This is not a definitive answer to your query, but you might be interested in the model explored in the paper,

• "Localization of Breakage Points in Knotted Strings," Piotr Pieranski, Sandor Kasas, Giovanni Dietler, Jacques Dubochet, and Andrzej Stasiak, New Journal of Physics, vol. 3, June 2001, p. 1-13 (journal link).

They model a knot by a curve with points surrounded by hard spheres, akin to a polymer chain, and then obtain results somewhat in agreement with physical experiments. This image gives you a sense of their work:

In the case of knotted spaghetti, the breakage occurs at the position with high curvature at the entry to the knot. [...] Rock climbers and anglers know that a simple overhand knot tied on a mountaineering rope or a ﬁshing line weakens it substantially.

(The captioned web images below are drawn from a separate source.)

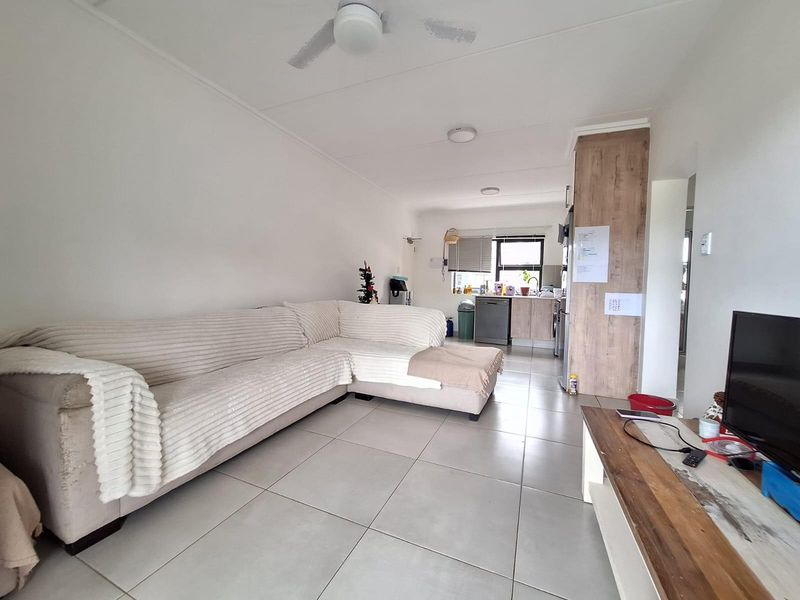 First Floor Apartment For Sale in Ballito Village, Ballito, KwaZulu Natal - Photo 7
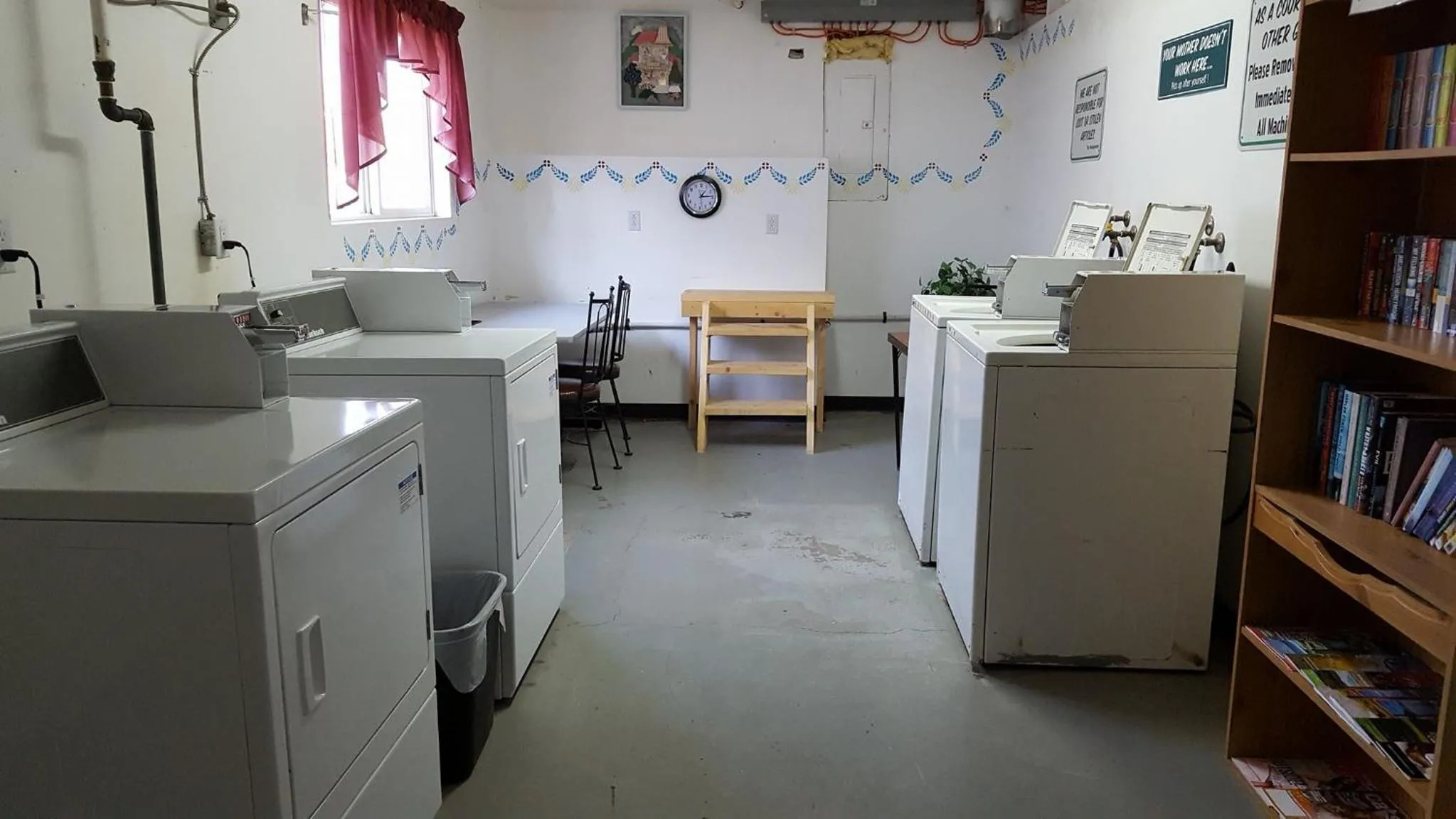 Library in 100 Mile Motel & RV Park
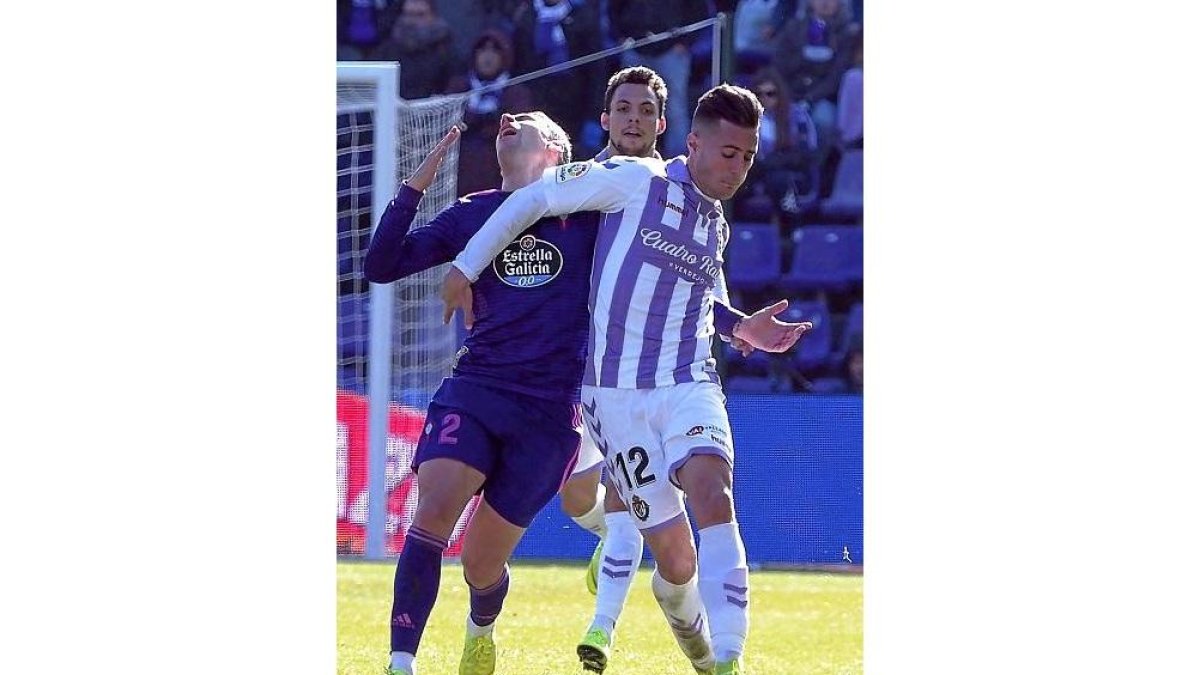 Guardiola golpea en una acción a Hugo Mallo.-P. R.
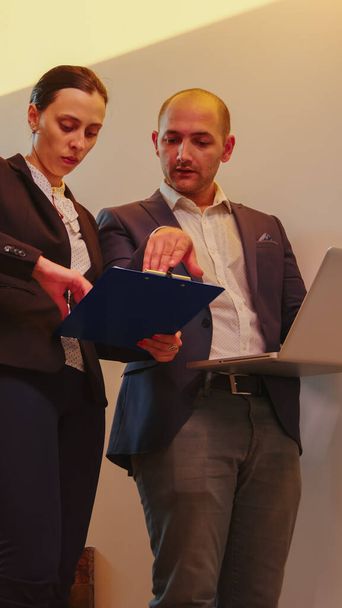Mujer hablando con gerente ejecutivo mirando en el ordenador portátil - Foto, imagen
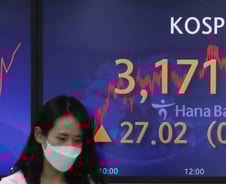 10일만에 외국인 '사자' 전환... 경기회복 기대감에 항공주↑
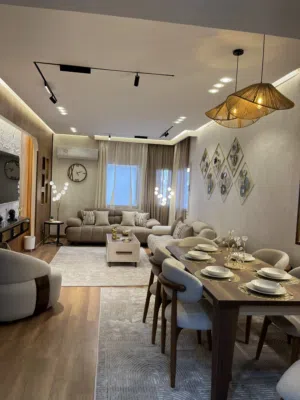 للبيع شقة بالمهندسين مفروشة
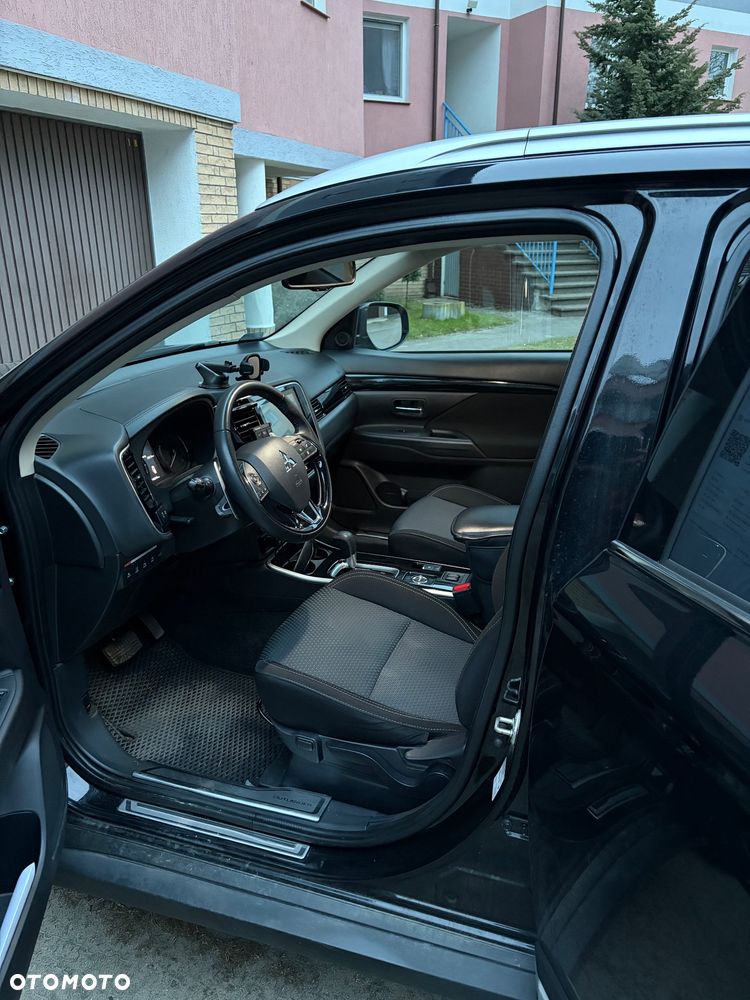 Mitsubishi Outlander 2.0 Instyle SDA 4WD CVT - 19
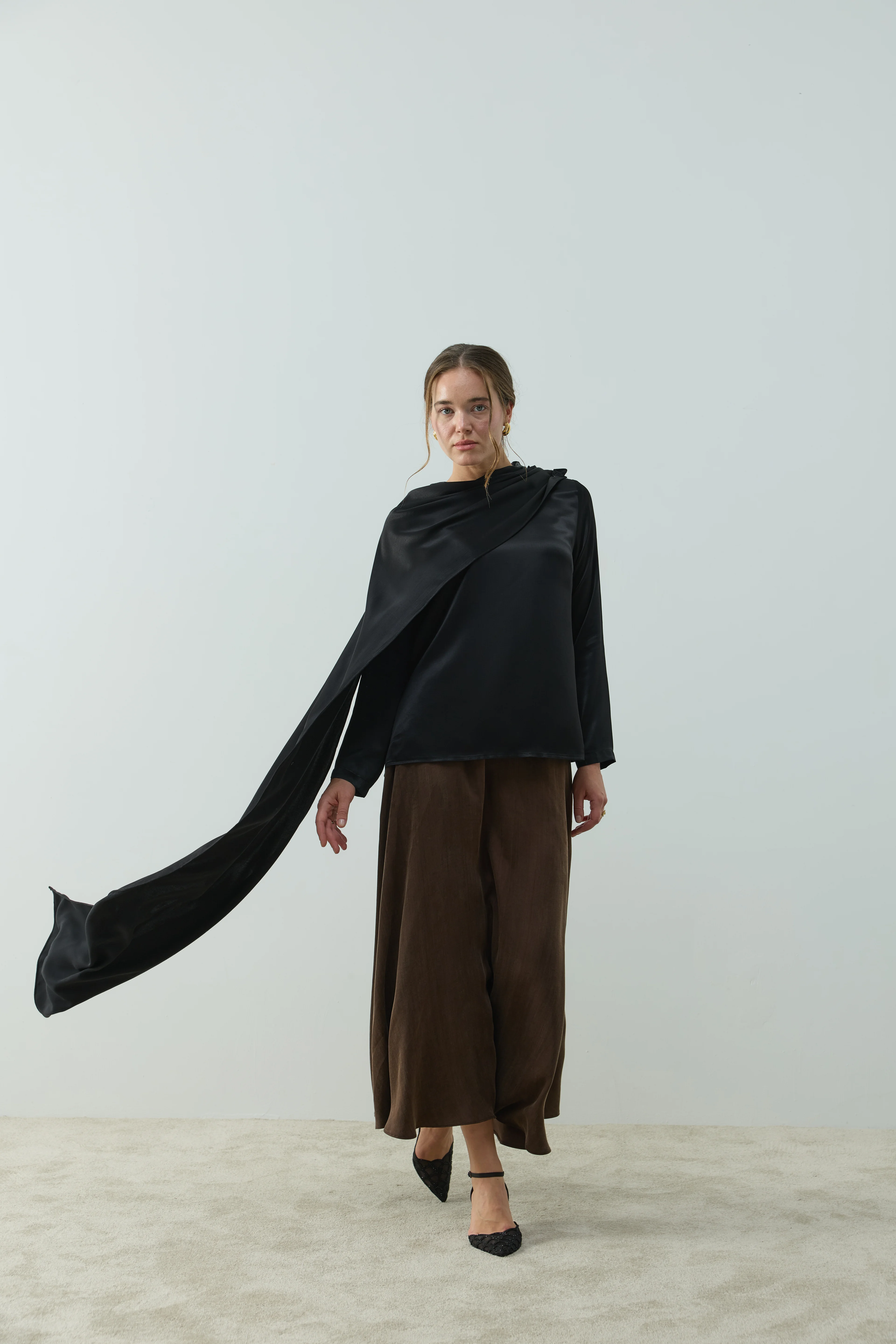 Lorin Parçalı Bluz - Siyah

Two references that address friction (Ben Crowell's comment):

• Maddocks, J.H. and Keller, J. B., "Ropes in Equilibrium," SIAM J Appl. Math., 47 (1987), pp. 1185-1200. (Journal link).
Abstract. The mechanical equilibrium of a rope wrapped around a solid body or around another rope is investigated, with friction and tension being taken into account. Various examples are treated to illustrate the theory. Its application to knots and hitches is indicated.

• "An Introduction to the Theory of Hitches and Knots," Jeremy Stolarz, (PDF link).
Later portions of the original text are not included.